Le premier, c'est que le parti nationaliste et isolationniste du Président Bretigny est désormais minoritaire, et que la formation d'une nouvelle majorité pourrait être l'opportunité que nous attendions pour faire lever les sanctions imposées par l'Ostaria et rétablir des relations normales entre nos deux pays. Ou, a minima, rouvrir un Consulat au bénéfice des citoyens saphyriens établis en Ostaria.
Le second, c'est que la publication de ces documents témoigne d'une volonté de la gouvernance ostarienne de se démocratiser, de s'éloigner des régimes les moins fréquentables, et de rompre avec de vieux principes isolationnistes obsolètes dans la conjoncture mondiale actuelle. Alors que le nouveau gouvernement s'apprête à présenter ses premières réformes, il apparaît censé d'envisager une nouvelle approche, d'envisager une remise à zéro dans nos relations, et voir même d'espérer des excuses pour les attaques dont le Corps diplomatique a été, pour notre pays, sa maison impériale et ses citoyens qui ont été injuriés.

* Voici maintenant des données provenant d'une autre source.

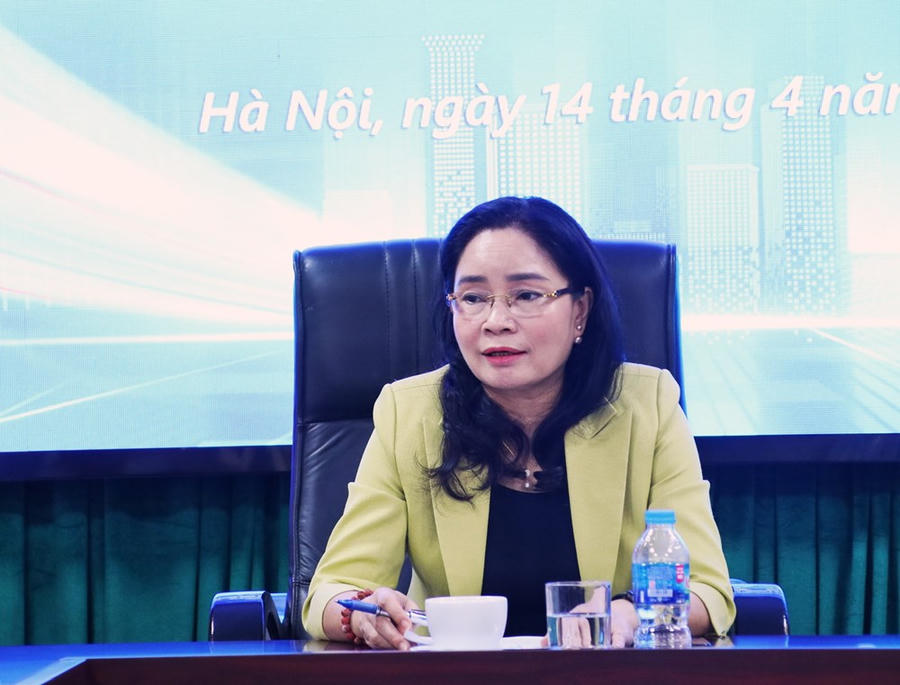 Thứ trưởng Trịnh Thị Thủy phát biểu tại buổi làm việc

Il abrégea son discours alors qu'il aperçut un des huissiers en train de servir le thé près de sa rangée.
Ma question donc, Monsieur le Président du Conseil, sera simplement la suivante : au vu des changements en approche, au vu de ce renouvellement concret de la politique diplomatique d'un acteur qui, à n'en pas douter, émergera comme un grand acteur de la scène internationale, et au vu des enjeux pour notre pays de maintenir de saines relations avec les régimes à tendance démocratique de ce monde, à partir de maintenant, qu'en sera-t-il de nos relations avec la République d'Ostaria ?
Il conclut et retourna en vitesse dans son rang, juste à temps pour demander à l'huissier un thé infusé à la cerise et au caramel.